▶ _Work instruction_
Return the first line of the listing below and all the lines after it through the one containing "A small bathroom", exactly, without pictures.

▶ _Collected material_
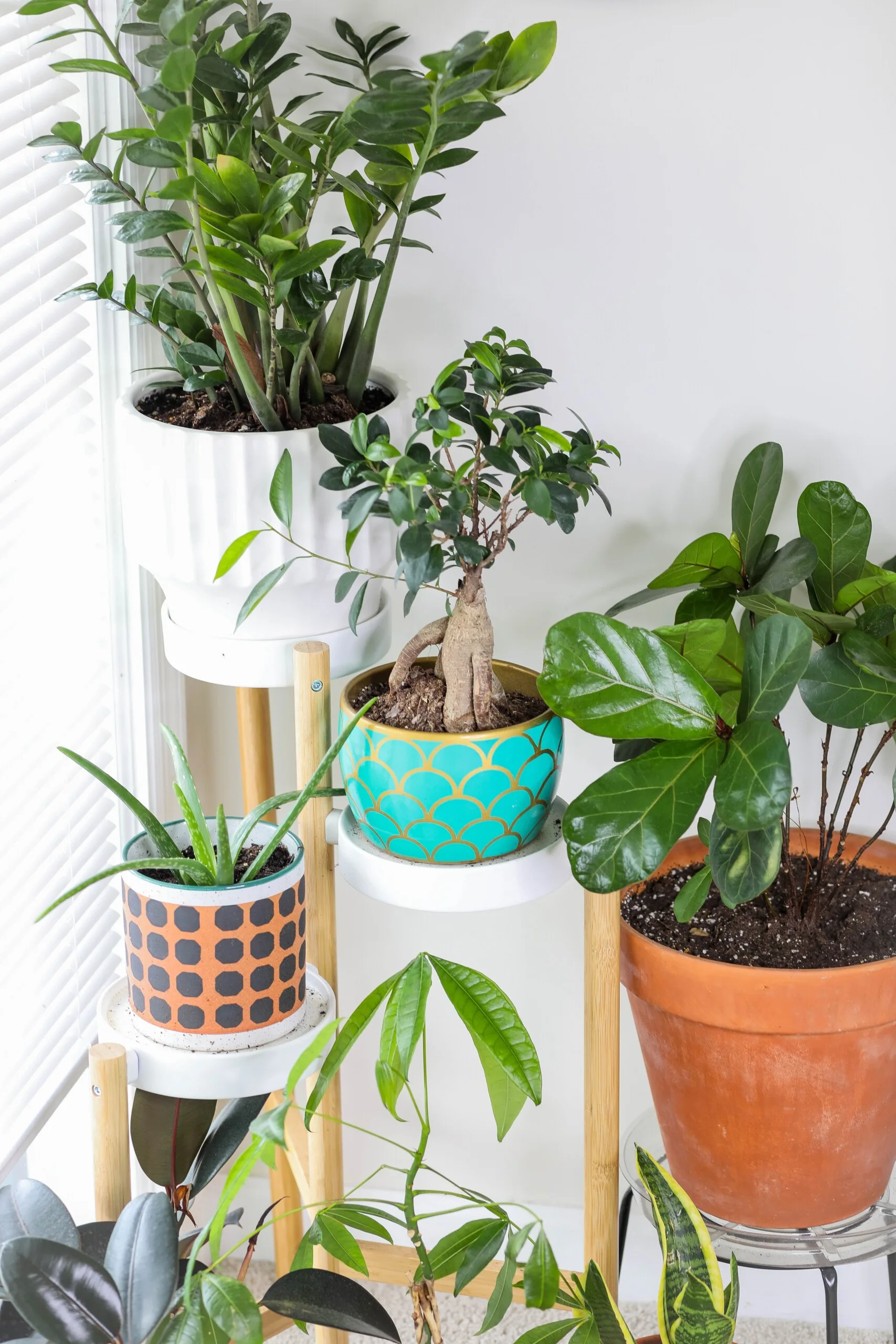 A multi tiered wooden plant stand displays houseplants in colorful patterned ceramic and terracotta pots next to a window with white blinds.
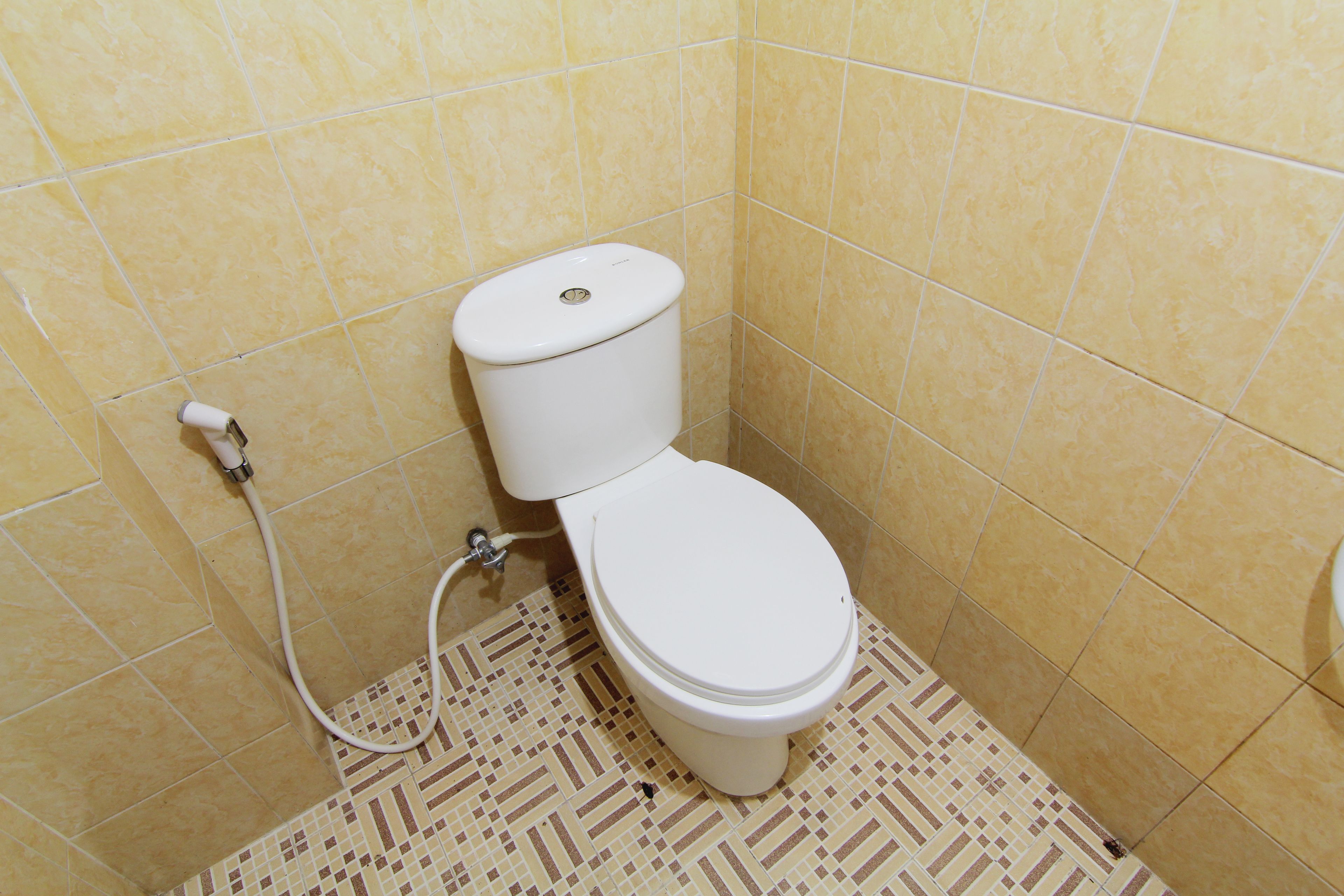 A small bathroom with a toilet, a shower hose, and patterned floor tiles.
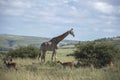 Giraffe at Ithala Game Park with Impala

▶ _Result below_
 A multi tiered wooden plant stand displays houseplants in colorful patterned ceramic and terracotta pots next to a window with white blinds.
 A small bathroom with a toilet, a shower hose, and patterned floor tiles.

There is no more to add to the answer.